We followed the girl for two days – letting her lead us through the ruins of the city as she told us what had happened. She was a brown, little girl, with black hair that was cut to her shoulders. For those two days she wore the same pale green dress, a great, billowing dress with gold petals stitched around the small waist. She never offered her name, or much less hinted at a back-story that was of her own life – despite our repeated questions: first blunt, then coaxing, and then blunt once more. She would instead point at the rubble of twisted rebar and cement and shattered marble and tell us what had happened there. She smiled patiently every time we asked her to repeat a memory, and as she skipped out ahead of us, that dress lifted in the air and settled down around her. Her voice had a slight accent, and she spoke so quickly at times we had to ask her to repeat herself often. She would laugh and speak slower and carefully, but at times she would simply shrug and then skip off again. We would sigh and pace behind her, listening to her lull into a cadence of an unfamiliar song, the words foreign and lilting in the otherwise overwhelming stillness.
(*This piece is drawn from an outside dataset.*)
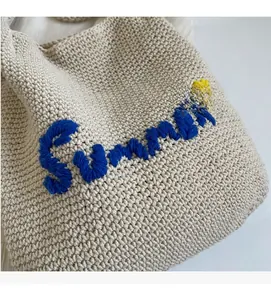 Gros plan du sac à main tissé beige avec broderie Summer bleue et détail d'étoile jaune vif
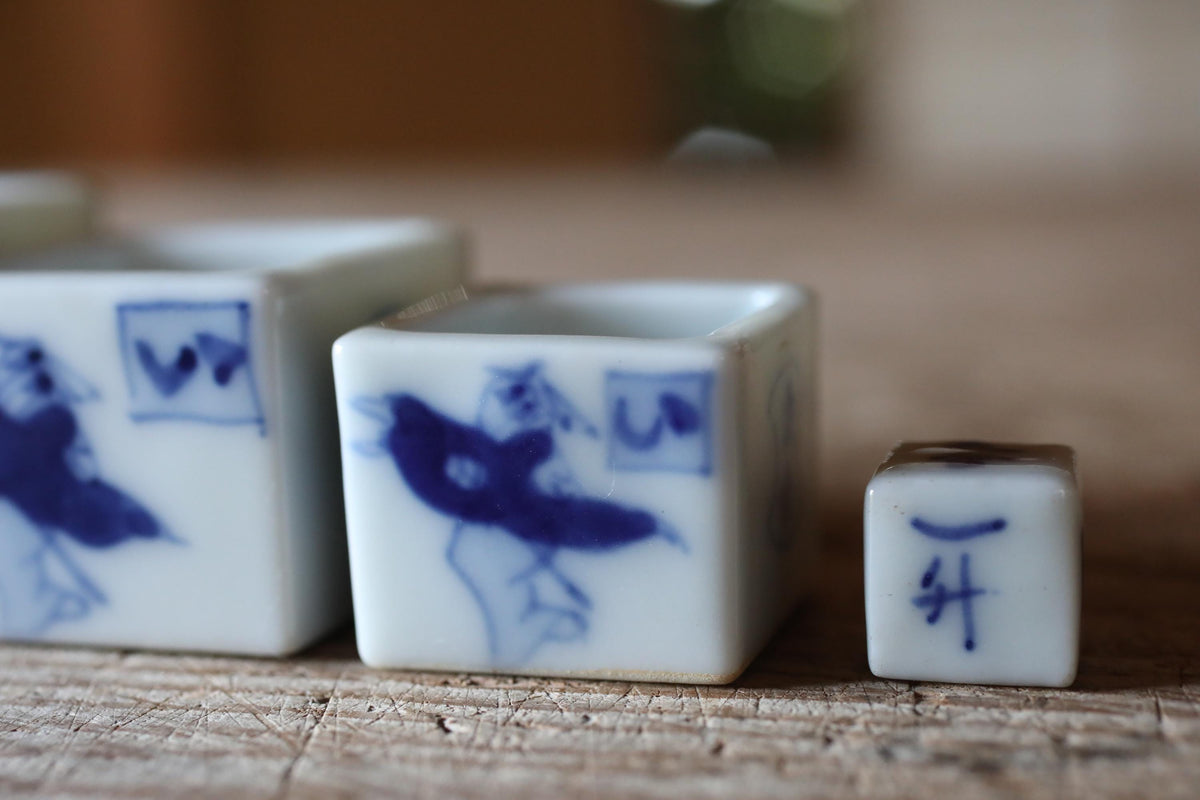 three small ceramic cups with blue designs on them, placed on a wooden surface.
A photographer from Berlin whispered that she thought the girl was twelve or thirteen, but a writer from Mumbai said that a blogger who followed his column had reported a dental record affirming the girl was nine and that her name was Amira. But none of us really knew or felt any sense of reliability to these rumors. After the first day we did not let these rumors sway us – and we were even less prying in our questioning of her biography as we sat and watched the girl eat from the large bowl from the shared mess kit. There was a cook from Chicago and he had established a base camp of sorts near the half-empty hull of a bank. We would return from our tours of the city and sit together against the massive steel doors of the vault, eating our noodles or slices of chicken breast served on dry rolls as we stared up that tumblers and locks and teeth that no longer offered security but rather a respite from the rain. She would eat silently while we spoke amidst ourselves, but we noticed that she watched us, smiling like she always was. She would mimic the gestures of the Irish writer and use her spoon like the historian from Israel. We noticed that she would listen to us even after the meals were done, as we sat and smoked and drank from whatever meager rations we chose to reveal and share. We would lie in our sleeping bags and talk of the other cities and the other stories we had discovered or stumbled upon. After a while one of the soldiers would extinguish the fire and the bank would be struck by a great darkness. There would be a few more hushed conversations, the last recording by hand on a notepad by headlamp, and then the girl would fall asleep before us, lying there on her side, her black hair falling over her eyes, her lips opened slightly as we too, once more, followed her.

 

Early on the first day we discovered that the city had been built upon the ancient foundations and waterways of a bygone empire. Repeated detonations had opened up pits beneath the underground subways and gas lines to reveal cobblestone and then long terraces. These artifacts struck the archeologist from Brussels and his two students with immediate awe and fascination, and in the morning of the first day we left them behind with their canvas bags opened and spilled out against the tuff-colored dirt: spades and hammers and sifting pans gleaming in the dust.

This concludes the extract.